* [EXERCISE REQUIREMENTS] Look through the listing below for the line containing "Смартфон Samsung Galaxy". Copy it and each line after it up to and including the line containing "Λατίνα, Μεξικάνος, Μουνί", exactly, leaving out pictures.

* [LISTED ENTRIES]
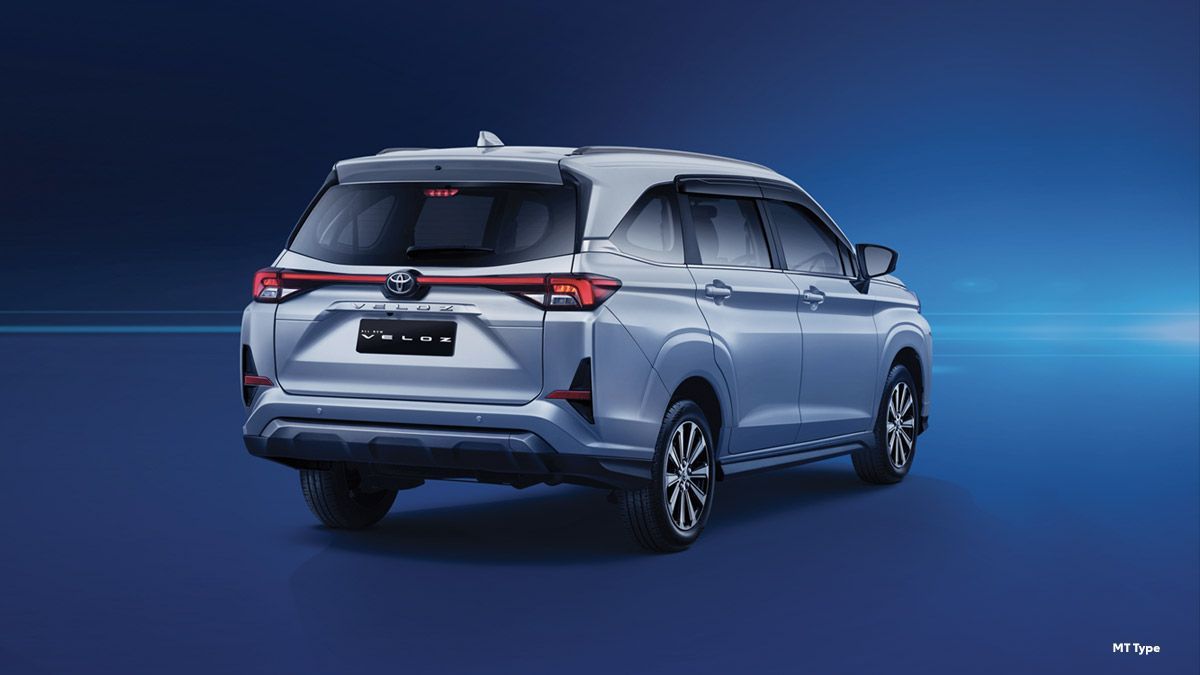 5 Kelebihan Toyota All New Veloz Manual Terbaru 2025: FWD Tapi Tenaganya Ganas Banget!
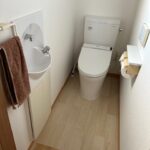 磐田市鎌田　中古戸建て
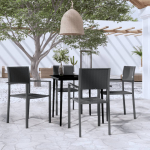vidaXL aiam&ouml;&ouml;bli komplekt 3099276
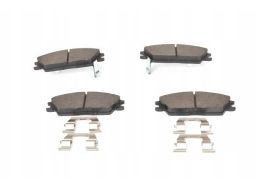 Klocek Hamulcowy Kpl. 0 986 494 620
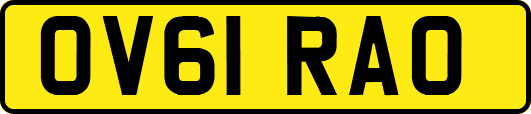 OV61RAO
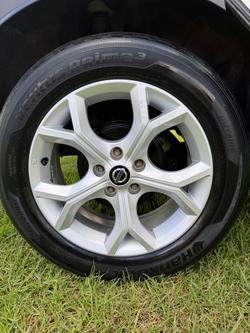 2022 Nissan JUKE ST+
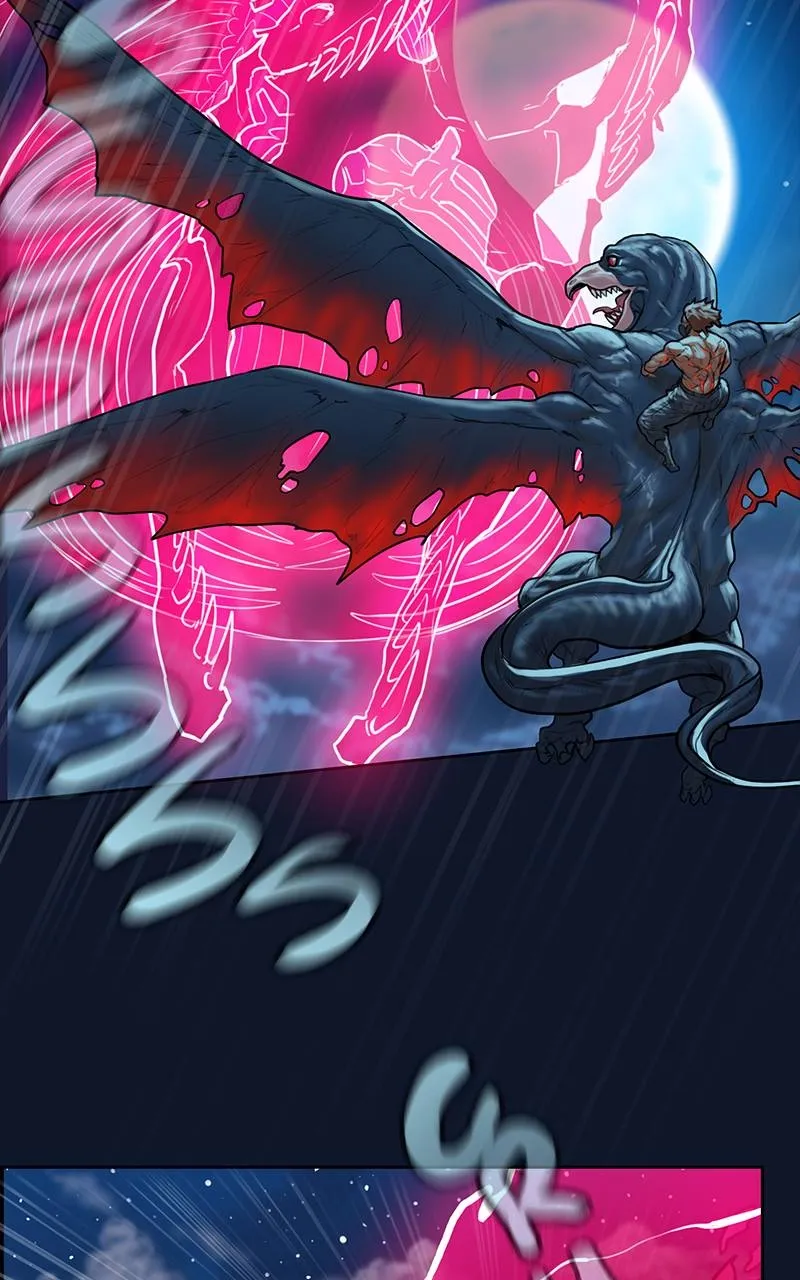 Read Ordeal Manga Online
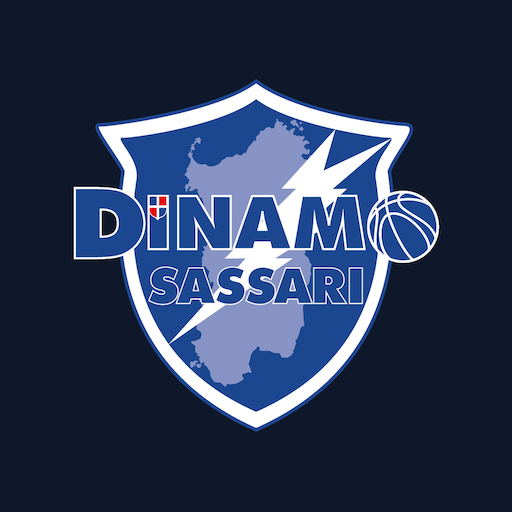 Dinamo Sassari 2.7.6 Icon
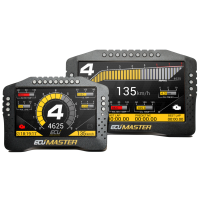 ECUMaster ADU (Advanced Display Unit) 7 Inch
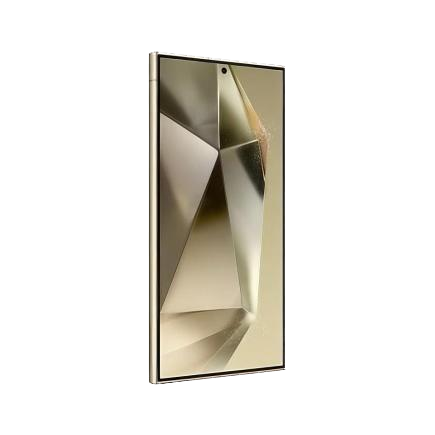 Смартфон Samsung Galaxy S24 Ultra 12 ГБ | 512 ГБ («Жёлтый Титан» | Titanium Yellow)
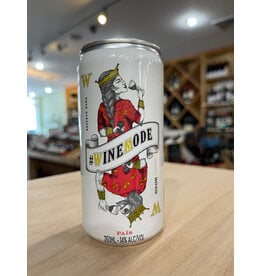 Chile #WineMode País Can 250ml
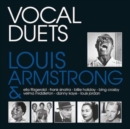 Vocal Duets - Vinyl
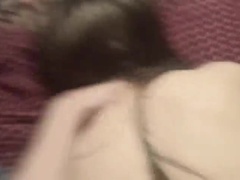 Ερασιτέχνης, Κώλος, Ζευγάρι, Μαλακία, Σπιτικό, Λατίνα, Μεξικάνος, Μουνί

--

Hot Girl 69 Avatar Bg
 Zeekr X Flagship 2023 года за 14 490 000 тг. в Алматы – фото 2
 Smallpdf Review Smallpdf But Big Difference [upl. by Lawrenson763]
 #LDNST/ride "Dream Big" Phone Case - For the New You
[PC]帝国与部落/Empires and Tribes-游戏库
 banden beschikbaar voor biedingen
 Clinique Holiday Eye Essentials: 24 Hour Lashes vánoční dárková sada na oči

--

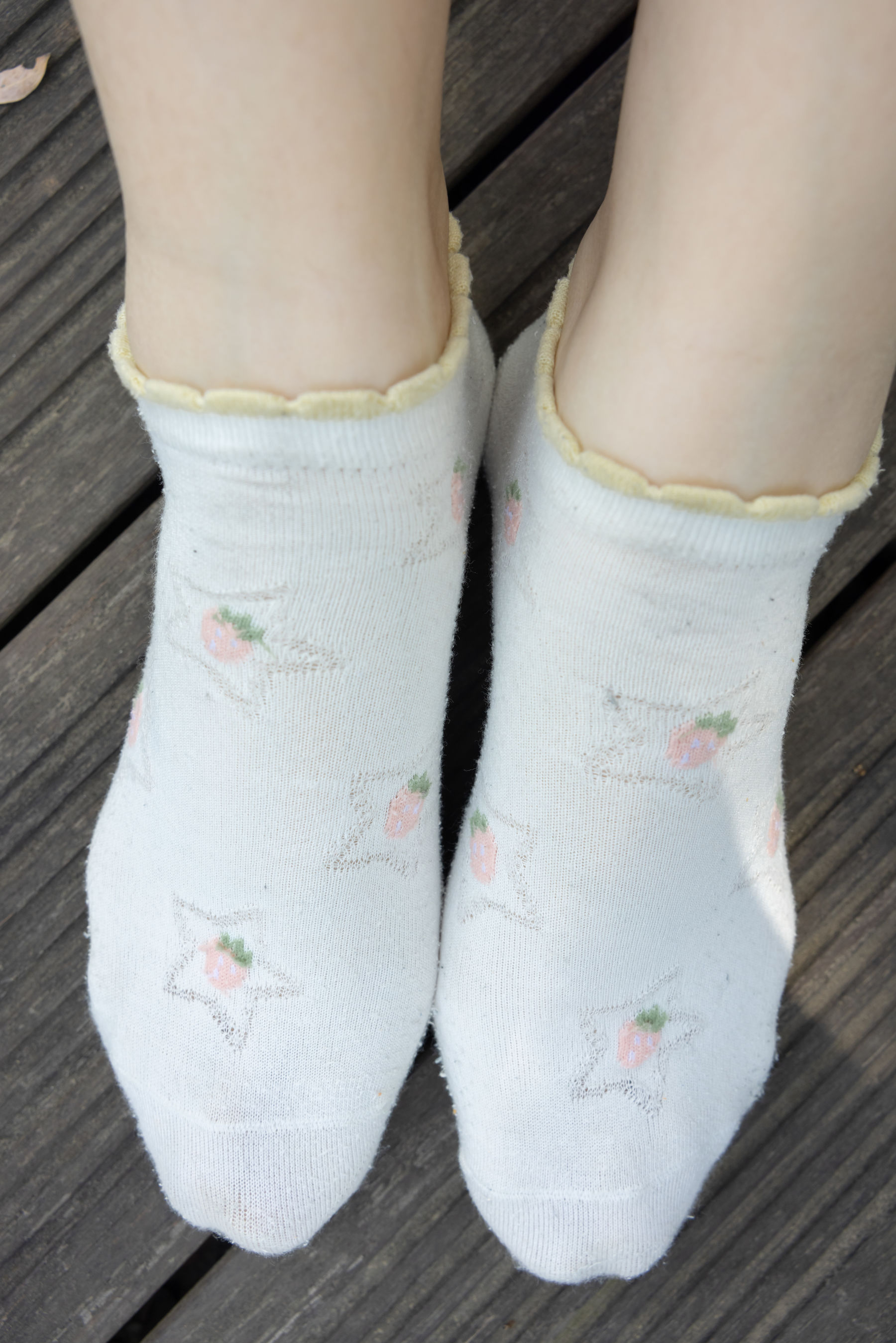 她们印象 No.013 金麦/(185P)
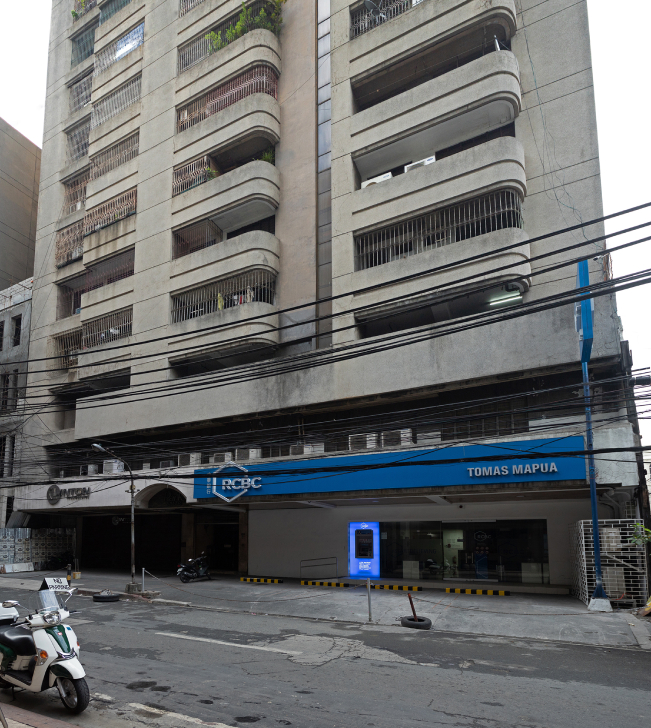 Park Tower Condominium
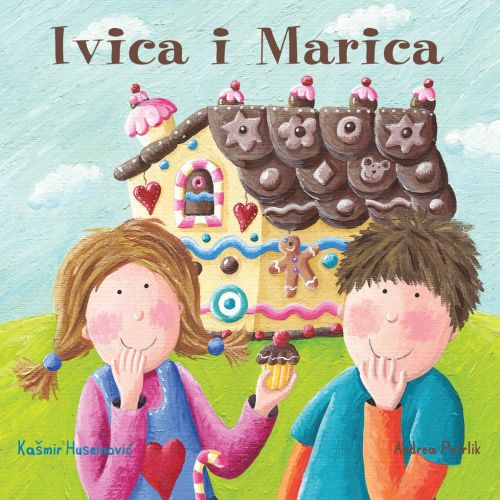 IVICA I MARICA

* [RESULT FOR THIS EXERCISE]
 Смартфон Samsung Galaxy S24 Ultra 12 ГБ | 512 ГБ («Жёлтый Титан» | Titanium Yellow)
 Chile #WineMode País Can 250ml
 Vocal Duets - Vinyl
 Ερασιτέχνης, Κώλος, Ζευγάρι, Μαλακία, Σπιτικό, Λατίνα, Μεξικάνος, Μουνί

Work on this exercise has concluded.